How do you develop an effective communication plan?

Communications must be considered from the very beginning. Start the research with the end users in mind. Who is invested in the findings? What do they want to know? By keeping those questions in mind, researchers are better equipped to frame the research questions and findings. They can also anticipate stakeholders’ intermediate communications needs during the project.

Potential stakeholders include senior administrators, mid-level managers, frontline professionals, parents, students, advocates, and public officials. Anticipate the findings that will be most pertinent to your intended audience. Consider the right venues, formats, and strategies for communicating with that audience. Strategize ways to position the findings to maximize their use.

It is important to keep in mind that the release of a research report is only one aspect of an overall communications plan. Briefings, training for practitioners and other stakeholders, podcasts or blogs, and op-ed pieces may all be part of an overall communications strategy for a given piece of research. All of these communications avenues should be considered in the ongoing communications plan for an RPP.
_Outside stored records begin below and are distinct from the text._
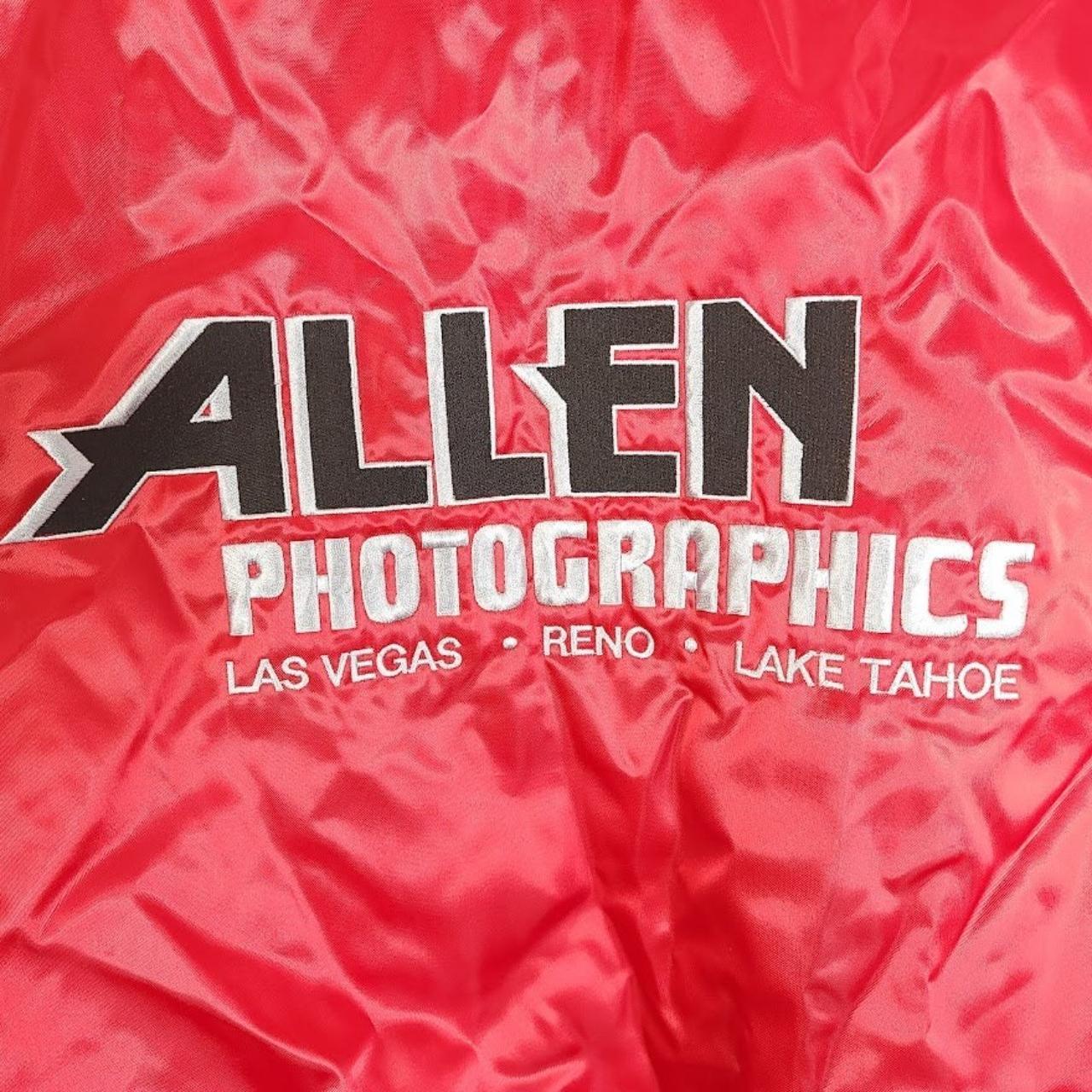 Allen Photographics Satin Bomber outlet Jacket Vintage 80s Rainbow Made In USA Medium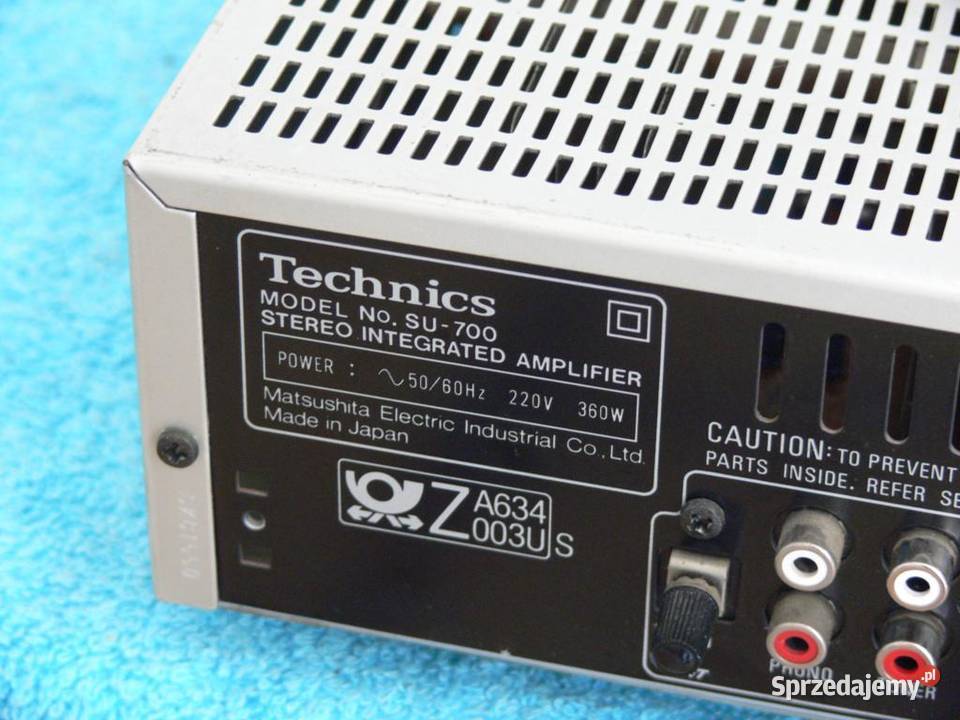 Wzmacniacz Technics SU700 sprawny 360 wat Jasło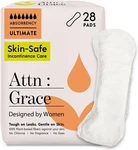 Attn: Grace Ultimate Incontinence Pads For Women, 28-PACK High Absorbency, Bre. Fixed Price $27.59.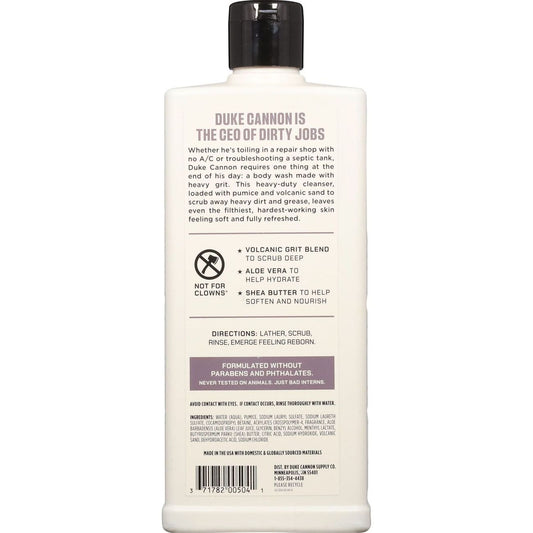 Duke Cannon Men's Heavy Grit Deep Cleaning Body Wash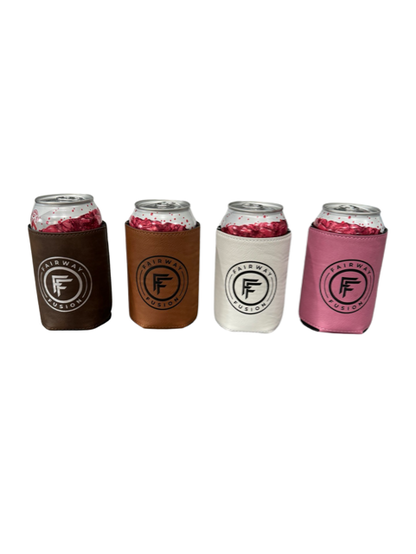 Magnetic Leather Regular Can Koozie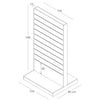 Gondole rainurée double face hauteur 190 cm pour agencement magasin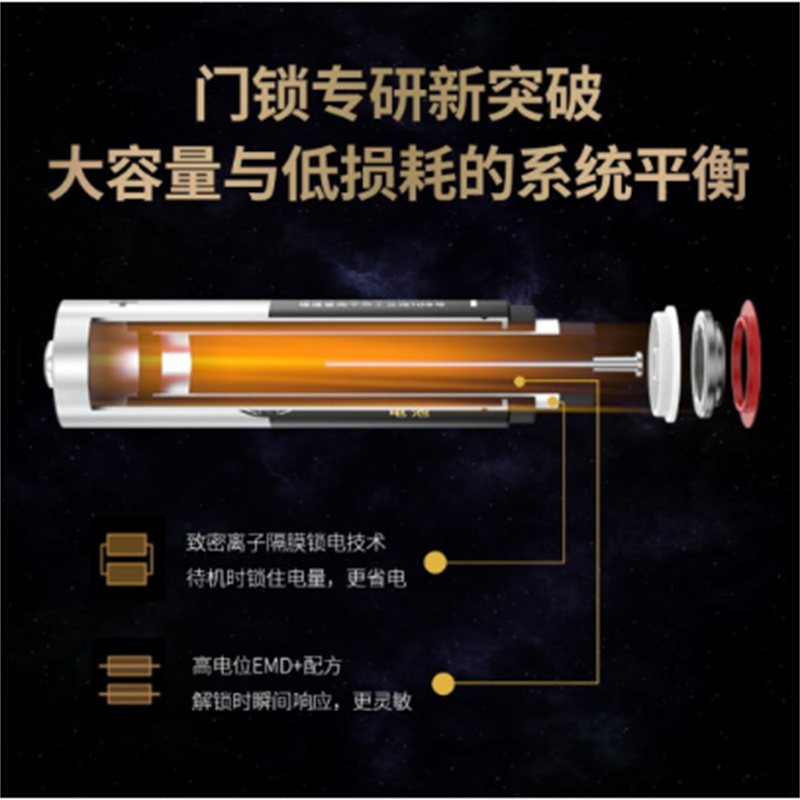 南孚爱掌门智能门锁5号碱性电池LR6五号 AA 1.5V适用于指纹锁/电子锁/智能锁/防盗密码锁等智能锁电池5号40节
How should we manage communication about research projects and findings?

How RPPs staff their communications functions depends on their available resources, institutional constraints and opportunities, and the maturity of the partnership. RPPs housed in academic institutions tap into their university communications teams. Those teams help get the word out in creative and accessible formats, particularly when the RPP work highlights the university’s commitment to its civic mission. Other RPPs work with consultants adept at translating research findings to audiences outside the academic world. Some also invest in training their researchers to communicate more effectively to a broad audience. Experienced RPPs suggest that a communications specialist should be a high priority hire.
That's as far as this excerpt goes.